This study was carried out in Nhecolândia (18°59′15″S; 56°37′03″W), a subregion of the Brazilian Pantanal region, located in the state of Mato Grosso do Sul, in an area with high levels of environmental infestation by ticks (RAMOS et al., 2014a), especially Amblyomma sculptum (Berlese, 1888), formerly Amblyomma cajennense (Fabricius,1787) (NAVA et al., 2014). Four methods for tick collection from the environment were used. Three of the methods were used in the same transects and within the same hour, and one of them at the same location however at another time (CO2 traps) as detailed bellow. For this study, sixteen 40 m-long transects were established in pairs: eight inside forested areas and eight in open fields that were each beside one of the forest fragments. Each transect was sampled twice during the wet season (December 2011 and December 2012) and five times during the dry season (August 2010, June and September 2011 and June and September 2012).
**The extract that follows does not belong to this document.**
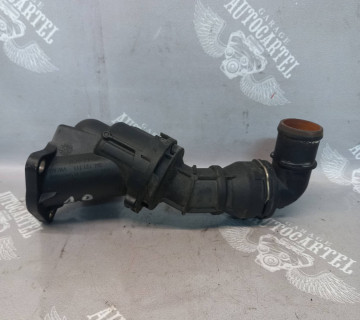 Корпус термостата VW Golf (VII) 2012 2.0tdi 04l121111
On each sampling occasion, each transect was searched visually, cloth dragging was performed and plant litter on the ground was examined for ticks. Visual searches were performed along both sides of transects, always by the same researcher. For this purpose, the collector walked from one plant to the next, and leaf from all vegetation along all transect were inspected from ground level to one meter above the ground and ticks collected. Time spent for this procedure varied according to the vegetation density along the transect and number of ticks found.

For cloth dragging a cotton flannel (1 m width × 2 m length) was dragged by a slowly walking collector over the transect, a procedure that was done immediately after the visual search. Flannel was carefully inspected for ticks at every 10 meter of dragging.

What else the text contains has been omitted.